Task details:
Write out nothing except the lines of the entries below, from the first through the one containing "Dining Table (6-8", exactly and without pictures.

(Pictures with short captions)
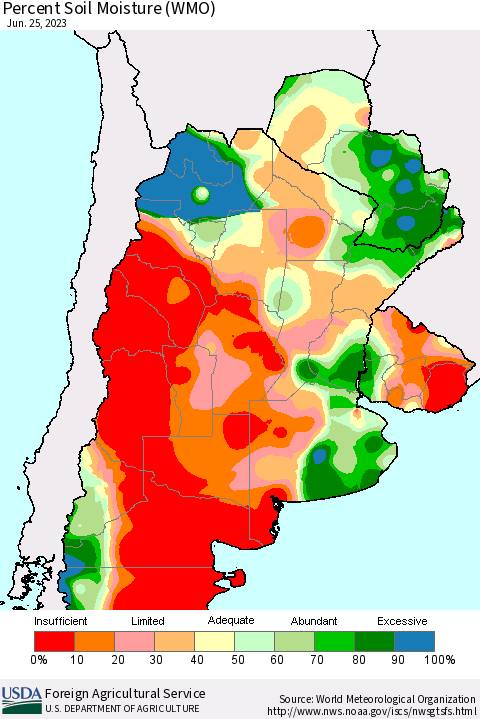 Southern South America Percent Soil Moisture (WMO) Thematic Map For 6/19/2023 - 6/25/2023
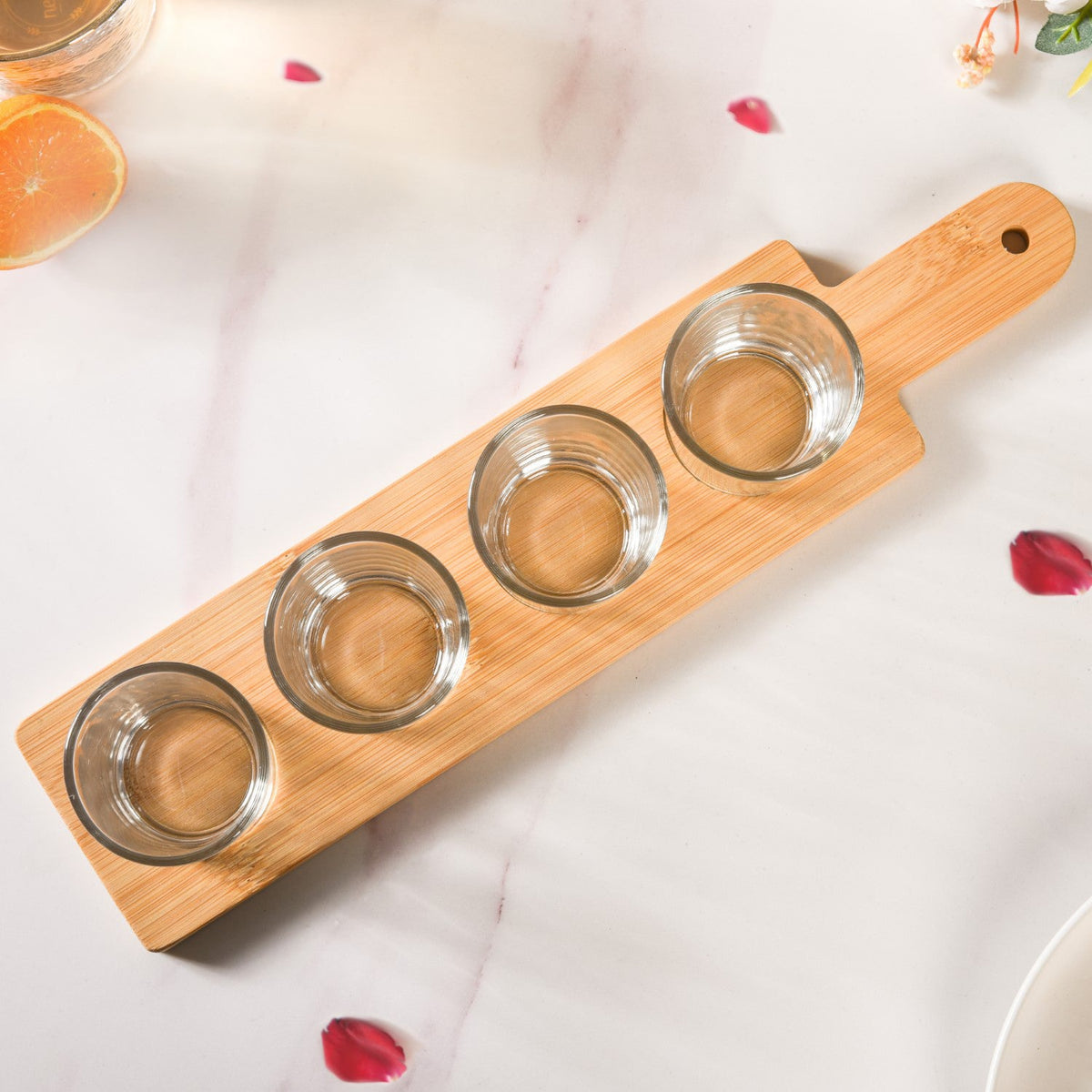 Set Of 4 Shot Glasses With Wooden Tray 100ml Nestasia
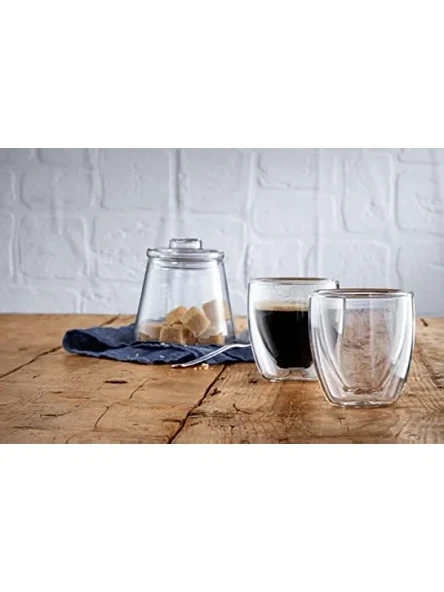 Çift Cidarlı Espresso Bardağı Seti - 2 Parça, Isı Yalıtımlı - Resim 2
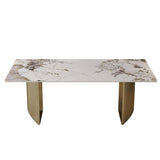 Dining Table (6-8 Seater) Luxury Marble Table Work Desk Q35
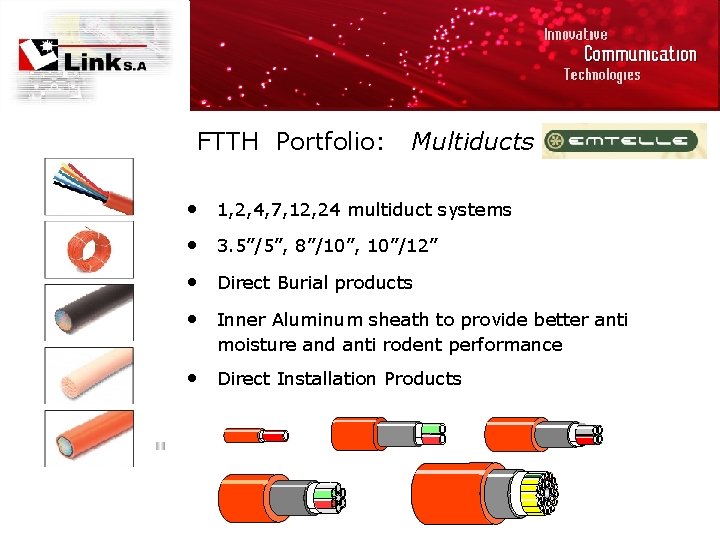 FTTH Portfolio: Multiducts • 1, 2, 4, 7, 12, 24 multiduct systems • 3.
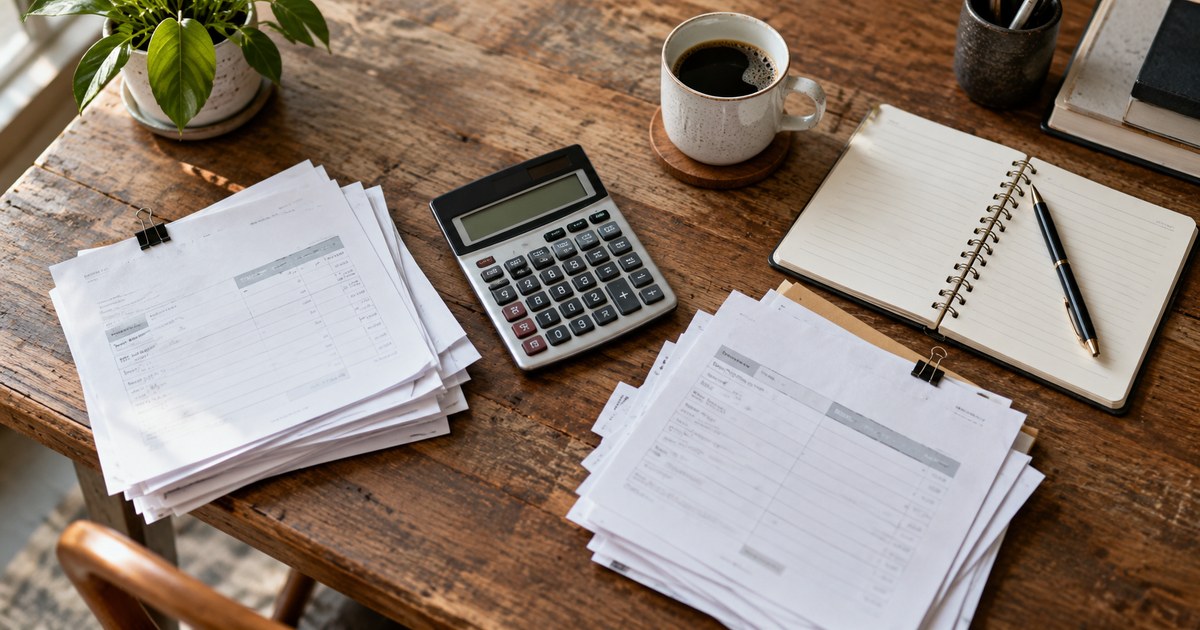 Business invoice schedule beside a cash forecast showing a payment timing gap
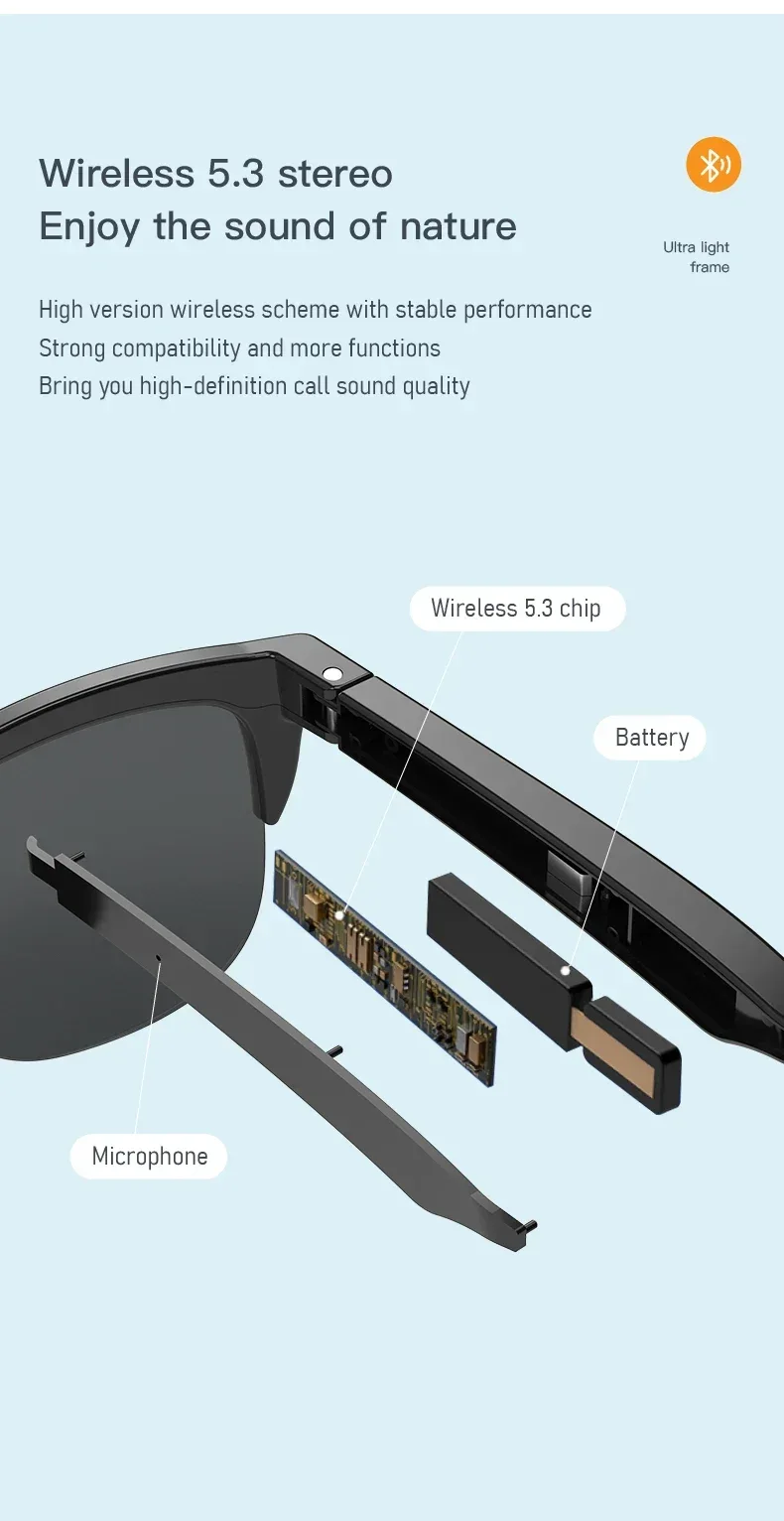 New Smart Bluetooth V5.3 Sunglasses Glasses Call Outdoor Sports Headphones HIFI Black Technology Anti-touch UV For Men And Women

Response to this exercise:
 Southern South America Percent Soil Moisture (WMO) Thematic Map For 6/19/2023 - 6/25/2023
 Set Of 4 Shot Glasses With Wooden Tray 100ml Nestasia
 Çift Cidarlı Espresso Bardağı Seti - 2 Parça, Isı Yalıtımlı - Resim 2
 Dining Table (6-8 Seater) Luxury Marble Table Work Desk Q35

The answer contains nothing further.